CS3013 Project 1

Slicing Time

Due date: Friday, September 12th by 11:59pm

Context switches occur when the operating switches from running one process to running another. You are to modify the Linux kernel to record context-switch information for each process. You are then to design experiments to measure the time slice quantum, the context switch time and time to create and destroy processes in the Linux kernel.

Description

Getting Resource Usages

The getrusage() system call returns system resource information about a process. The rusage structure it uses has a number of fields, such as time used, messages sent, page faults, and context switches, not all of which are filled in by a given operating system. In particular, the Linux kernel does not record per-process context switches. In this project, you will extend the Linux kernel implementation so that the getrusage() system call returns information about context switches.

The getrusage() system call is located in linux/kernel/sys.c. The system call itself is sys_getrusage() which calls the internal function getrusage(). The filled in fields of the rusage structure come from the structure task_struct.
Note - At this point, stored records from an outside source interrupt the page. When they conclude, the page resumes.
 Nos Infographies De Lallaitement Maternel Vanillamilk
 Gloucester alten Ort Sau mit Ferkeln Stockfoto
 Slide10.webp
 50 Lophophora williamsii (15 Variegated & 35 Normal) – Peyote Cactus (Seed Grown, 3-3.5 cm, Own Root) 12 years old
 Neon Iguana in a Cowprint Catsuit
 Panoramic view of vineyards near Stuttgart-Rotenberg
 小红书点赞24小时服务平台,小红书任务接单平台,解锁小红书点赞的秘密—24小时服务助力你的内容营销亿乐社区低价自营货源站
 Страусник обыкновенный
The struct task_struct contains information about each process (task) in the system and is located in linux/include/linux/sched.h. The task_struct fields are modified when a process is created and exits, in linux/kernel/fork.c and linux/kernel/exit.c respectively. They are also modified in linux/kernel/timer.c and in the directory arch/i386/mm.
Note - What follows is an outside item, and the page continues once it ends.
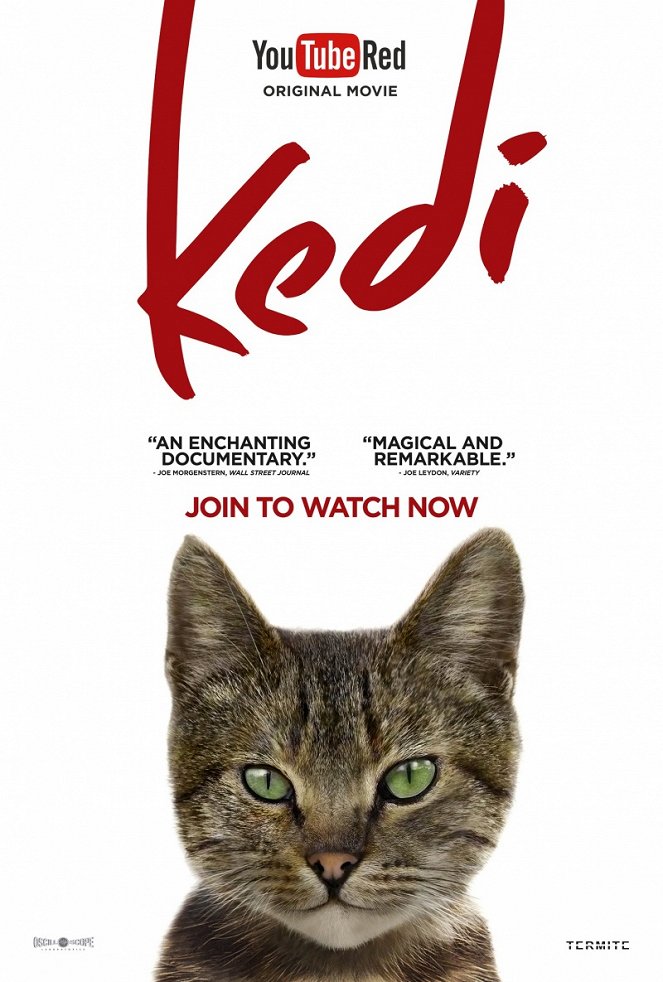 Kedi (Gatos de Estambul) - Carteles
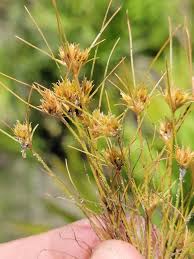 Image result for Bulbostylis densa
You need to extend the functionality of getrusage() to return meaningful values for voluntary and involuntary context switches. You will need to add fields to the struct task_struct to keep track of context switches for each process, for both for the process itself and its children. You can model your changes on how minor and major page faults are handled, although the method of counting them is different (see below).

Counting Context Switches

The scheduler is a kernel function called schedule() (located in linux/kernel/sched.c), that gets called from other system call functions (for example, when a process goes to sleep waiting for I/O), after every system call and after some interrupts. When invoked, the scheduler:

Performs some basic periodic tasks, like handling interrupt service routines (not a concern of this project)
Chooses one process to execute according to the scheduling policy
Dispatches the chosen process to run

You do not need to be concerned about specific scheduling policies for this project.
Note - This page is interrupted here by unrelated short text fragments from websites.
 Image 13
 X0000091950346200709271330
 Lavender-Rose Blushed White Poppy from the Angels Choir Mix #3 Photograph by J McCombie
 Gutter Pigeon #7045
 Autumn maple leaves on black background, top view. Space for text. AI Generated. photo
Linux maintains a counter kstat.context_swtch, which is a global counter that is incremented whenever a context switch occurs. This increment occurs in the schedule() function, when the process identified by the task_struct pointer variable prev switches to the task_struct pointer variable next (where prev and next are different). At this point you can insert a statement to increment the total number of context switches (both voluntary and involuntary) for the process pointed to by prev (since you will keep track of the number of context switches from a process rather than to a process so you should use prev rather than next). You will then have the total number of context switches, both voluntary and involuntary. In Linux, processes that are running or ready to run have their state in their tast_struct set to TASK_RUNNING. So, at this point, a voluntary context switch means the process is in a state other than TASK_RUNNING (most likely waiting for I/O). Therefore, if prev->state is not TASK_RUNNING then the voluntary context switch count can be incremented, too.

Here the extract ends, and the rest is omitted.